── INPUT MATERIAL

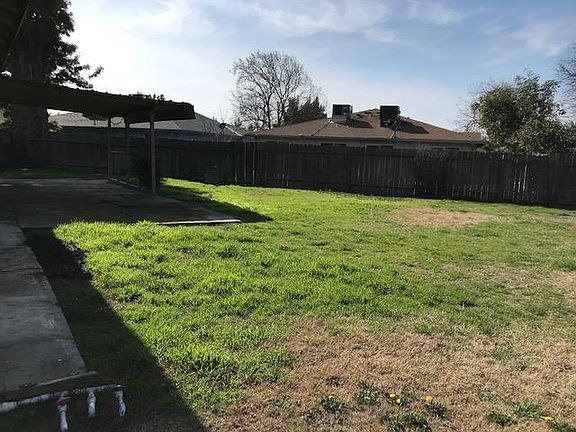 2nd image of 8837 Los Olivos Ct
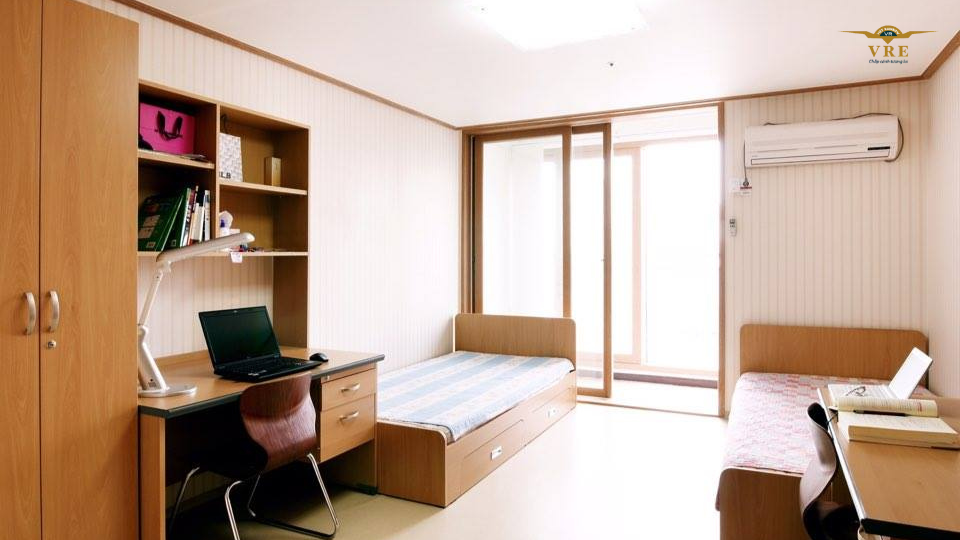 Vì sao nên ở ký túc xá 6 tháng đầu khi du học Hàn Quốc?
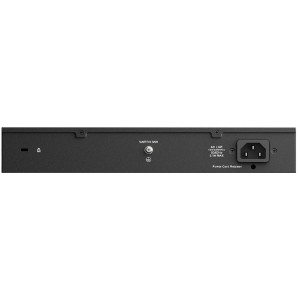 D-Link DES-1016D 16-Port Ethernet Switch, 16 fast ethernet ports, 3.2Gbps switching fabric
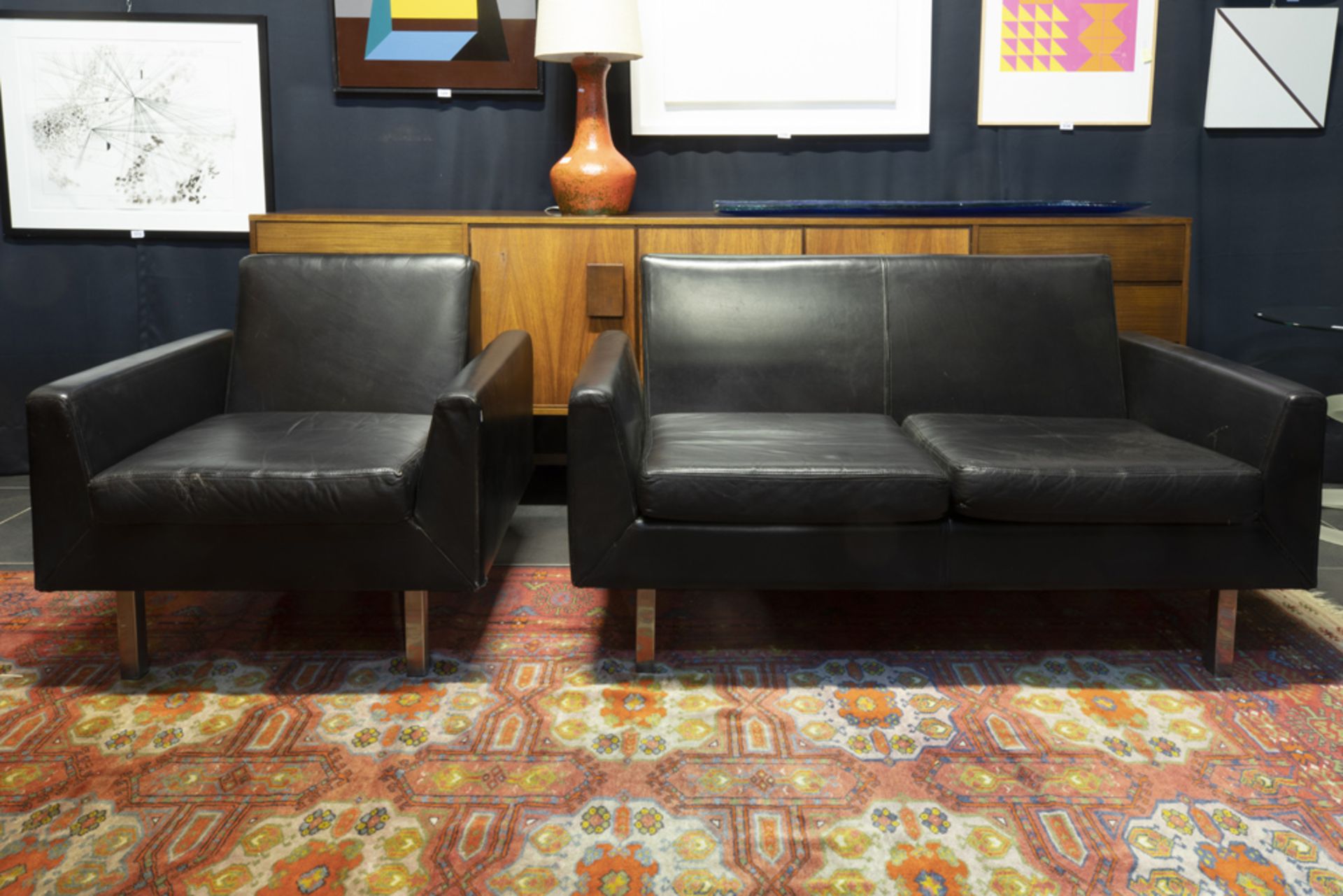 sixties' 3pc design black leather and chromed metal salon suite || Sixties' design salonensemble - Image 2 of 6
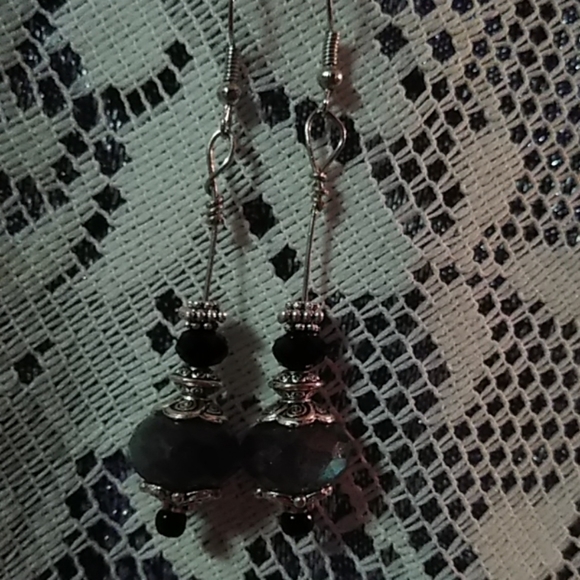 Hand crafted dangly earrings - Picture 8 of 8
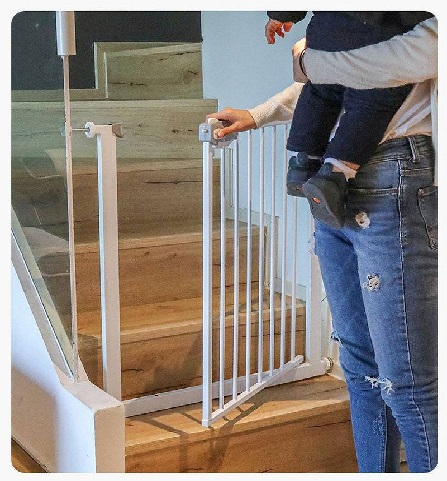 Puerta Barrera De Seguridad Para Bebes o Mascotas - Medida de Instalación entre 75 a 82 cm - Altura 76 cm - Color Blanco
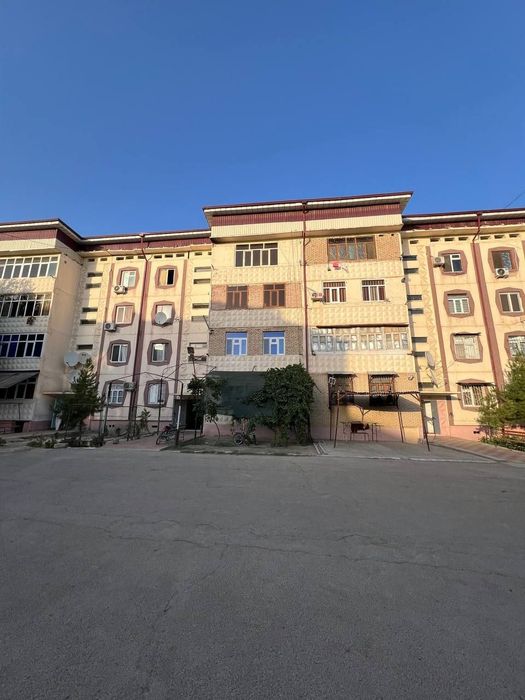 3 Xonalik Sharq 1.  4 Etaj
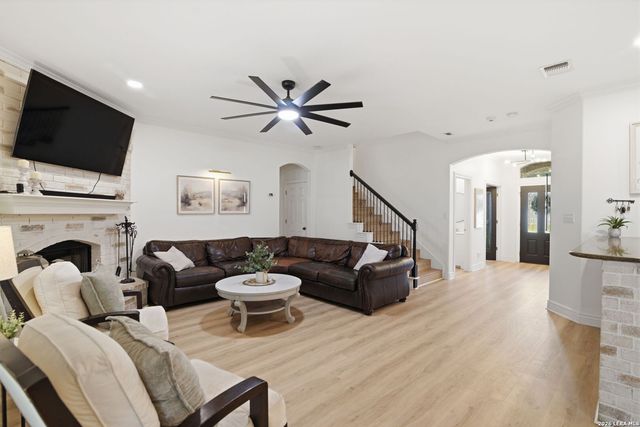 1310 SCENIC KNL, San Antonio, TX 78258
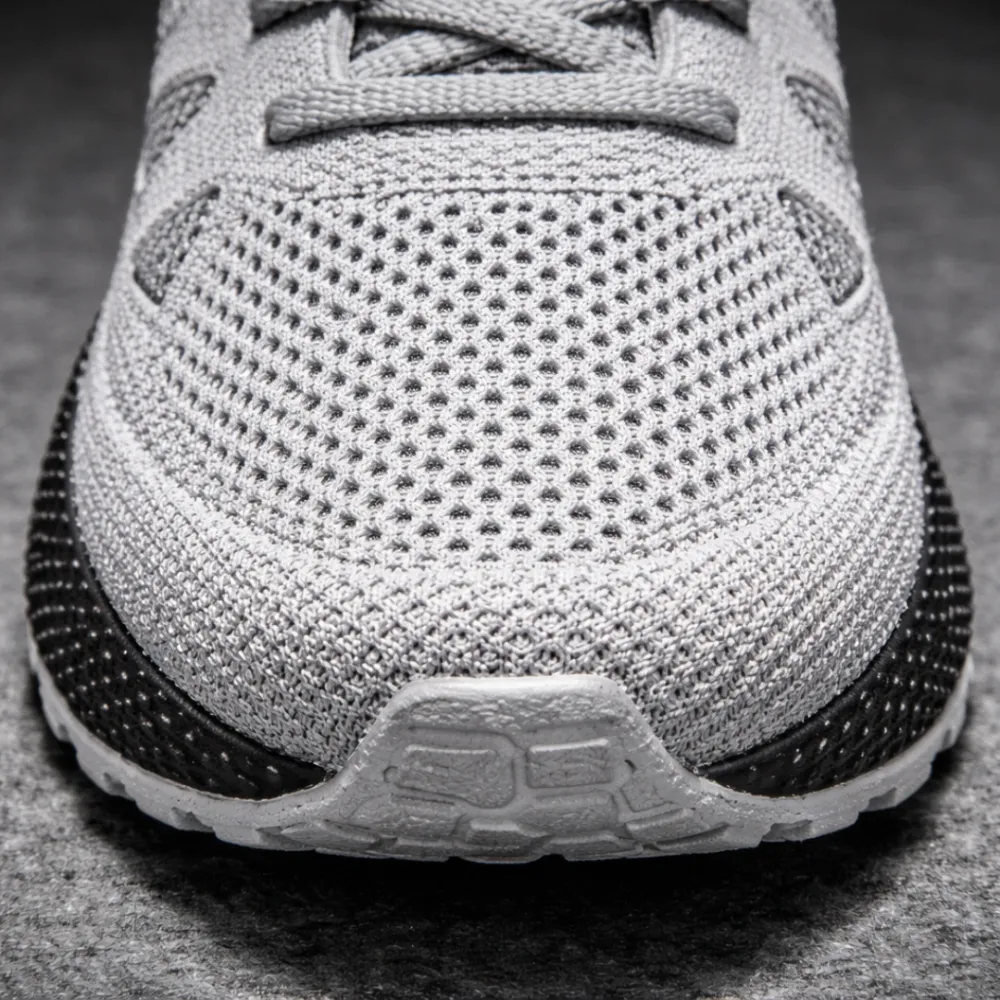 Low Top Fitness Sneakers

────

*WHAT YOU NEED TO DO*. Above are the records; repeat them all exactly, without the pictures.

*RESULT BELOW*.
 2nd image of 8837 Los Olivos Ct
 Vì sao nên ở ký túc xá 6 tháng đầu khi du học Hàn Quốc?
 D-Link DES-1016D 16-Port Ethernet Switch, 16 fast ethernet ports, 3.2Gbps switching fabric
 sixties' 3pc design black leather and chromed metal salon suite || Sixties' design salonensemble - Image 2 of 6
 Hand crafted dangly earrings - Picture 8 of 8
 Puerta Barrera De Seguridad Para Bebes o Mascotas - Medida de Instalación entre 75 a 82 cm - Altura 76 cm - Color Blanco
 3 Xonalik Sharq 1.  4 Etaj
 1310 SCENIC KNL, San Antonio, TX 78258
 Low Top Fitness Sneakers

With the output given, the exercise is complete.